▶ AIM OF THE TASK
Please print, exactly as written, the line containing "boar bristle brush" and each line after it through the end of the material; pictures stay out.

▶ DATA
Segment Open
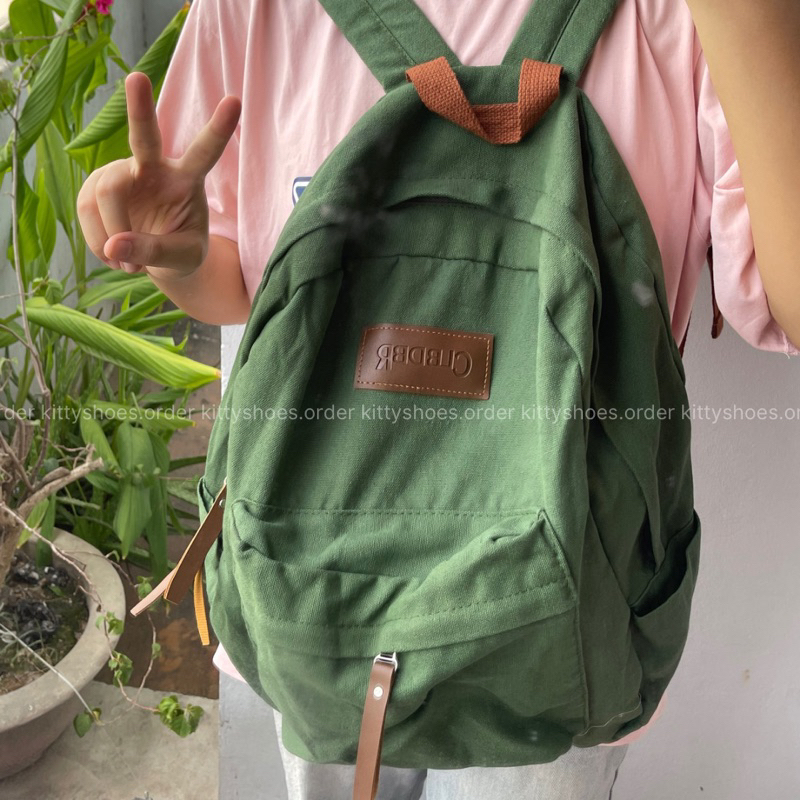 Balo Màu Xanh Rêu Cổ Điển Vintage - B10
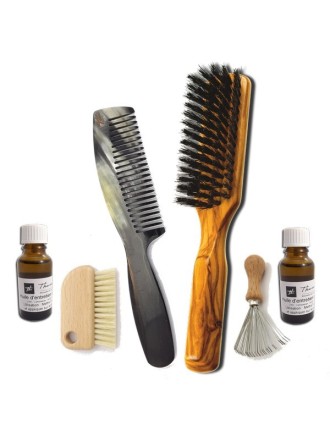 Combined(++) "half-long" horn comb & boar bristle brush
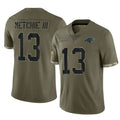 C.Panthers #13 John Metchie III Player Olive Salute to Service Game Odoa Stitched Jerseys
Segment Closed
▶ RESULT FOR THIS TASK
 Combined(++) "half-long" horn comb & boar bristle brush
 C.Panthers #13 John Metchie III Player Olive Salute to Service Game Odoa Stitched Jerseys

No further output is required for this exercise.